Professional Engineering

Ethical dilemma

With the growing use of robotics in defence, experts are hoping for a new morality in warfare

  • Published in Features.

Drone alone

Greater reliance is put on UAVs such as the Reaper

The development of autonomous machines such as robots has brought great benefits to manufacturing. For jobs that require high levels of accuracy and repeatability or are simply too dangerous or boring for people to carry out, robots in, say, a car plant offer a welcome solution. 

But increasing reliance on automated, or semi-autonomous, technology in other areas is giving some engineers cause for concern. One of these is in defence, where newspaper headlines frequently highlight strikes made by unmanned aerial vehicles (UAVs) or drones against targets on the Afghan-Pakistani border. These technological marvels, seemingly unerringly precise, have allowed US and British forces to engage in asymmetric warfare – that is, countering a terrorist-type threat – in previously unheard of ways. But some experts are questioning the morals of using robot-like systems to make these strikes – and they are worried about the path the technology may lead us down.

Among these voices is British academic Noel Sharkey, an expert on robotics from the University of Sheffield’s department of computer science who co-founded a pressure group, the International Committee for Robot Arms Control (ICRAC), last year. The organisation recently brought together experts from all over the world and representatives from government, the defence industry and humanitarian groups for a conference in Berlin where the issue of the ethics and proliferation of automated defence systems was discussed. 

Professor Sharkey, as his position would suggest, is no Luddite. “The actual technology of say, UAVs, is nothing short of miraculous,” he says. “I admire it as an engineer, and it’s doing robotics a lot of good.” 

But he is worried that the ethical dimensions of using systems such as unmanned drones to attack insurgents in Afghanistan are not being given due consideration. Such attacks may, he believes, contravene the rules of war and the principles of internationally accepted humanitarian legislation such as the Geneva Convention. Further, this form of warfare is already pitching countries into a new arms race, with many nations either buying or developing UAVs for military purposes. 

Sharkey explains: “The cornerstone of the Geneva Convention is the principle of distinction, which means that a weapon has to be able to discriminate between a friend and a foe.
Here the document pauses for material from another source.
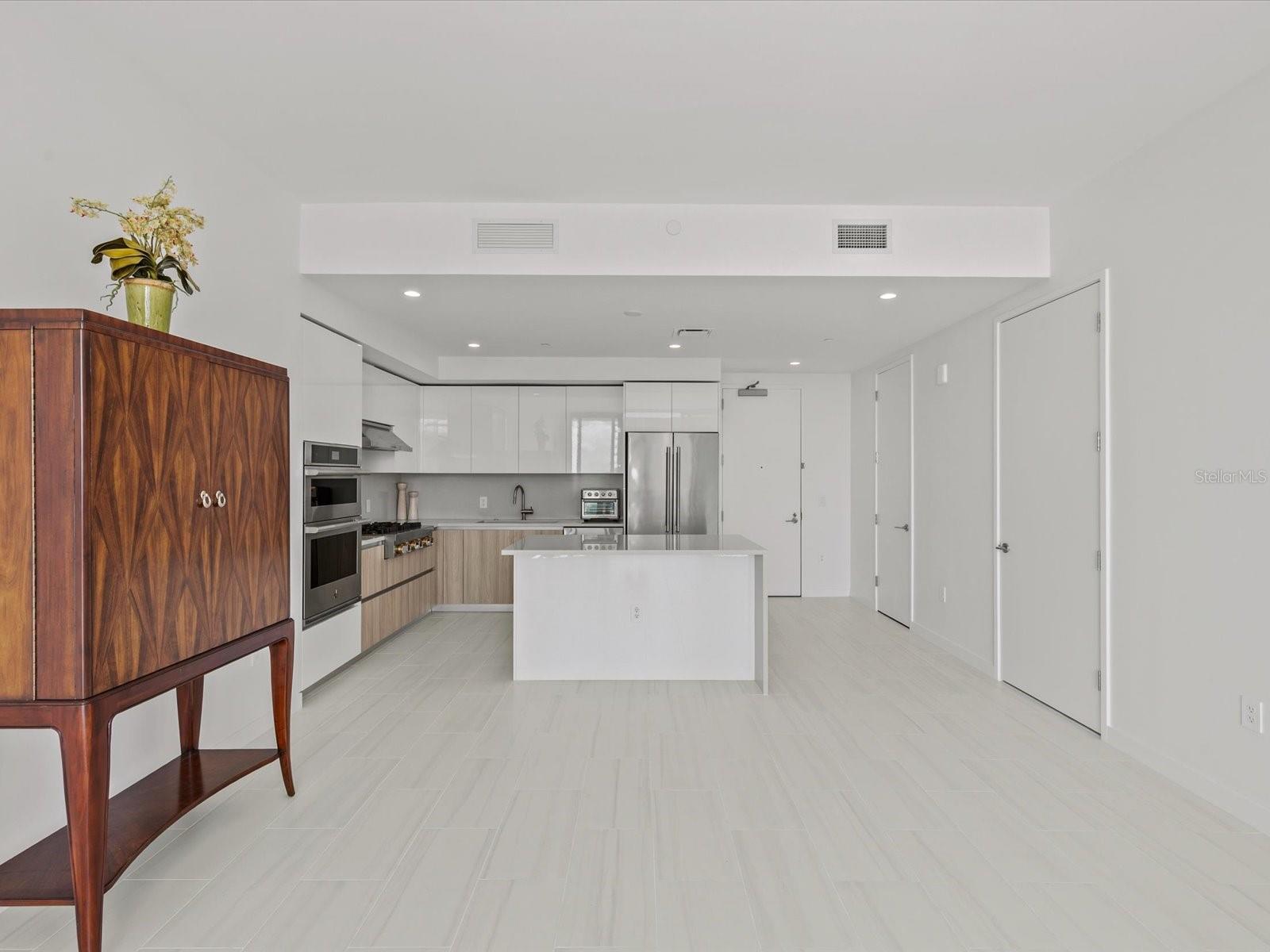 Image 14 of 56 For 400 Central Avenue 1603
Another key principle is proportionality – any collateral damage must be proportional to the military advantage gained.”

He believes that UAV and drone attacks are causing unacceptable levels of innocent casualties even as the final judgments on whether to attack are being made by human commanders at, say, an air force base thousands of miles away in the Nevada desert. He argues that increasing the autonomy of such systems is a stated desire of the military and that the development of completely autonomous military robots (such as, for example, BAE’s Taranis system) on the ground, in the sea or in the air can only compound the ethical dilemma.  

“Proportionality is notoriously difficult to judge – there’s no metric for it and it’s up to a human commander to make that call,” he says. “My worry is that no robot or software can do that: it can’t distinguish between combatant and civilian.” Mistakes, he notes, are already being made with humans making the final call. 

Professor Alan Winfield of the University of the West of England is another expert on robotics and is carrying out pioneering research into developing machines that can work comfortably alongside humans [see box]. But he is well aware of the limitations of robotics. “The idea that you can develop a machine that can distinguish between friend and foe is fantasy,” he argues. “In the fog of war, even human soldiers have enormous difficulty sometimes making that judgment. And our technology is not good enough to be able to tell the difference between a child with a toy and a youth with a weapon.”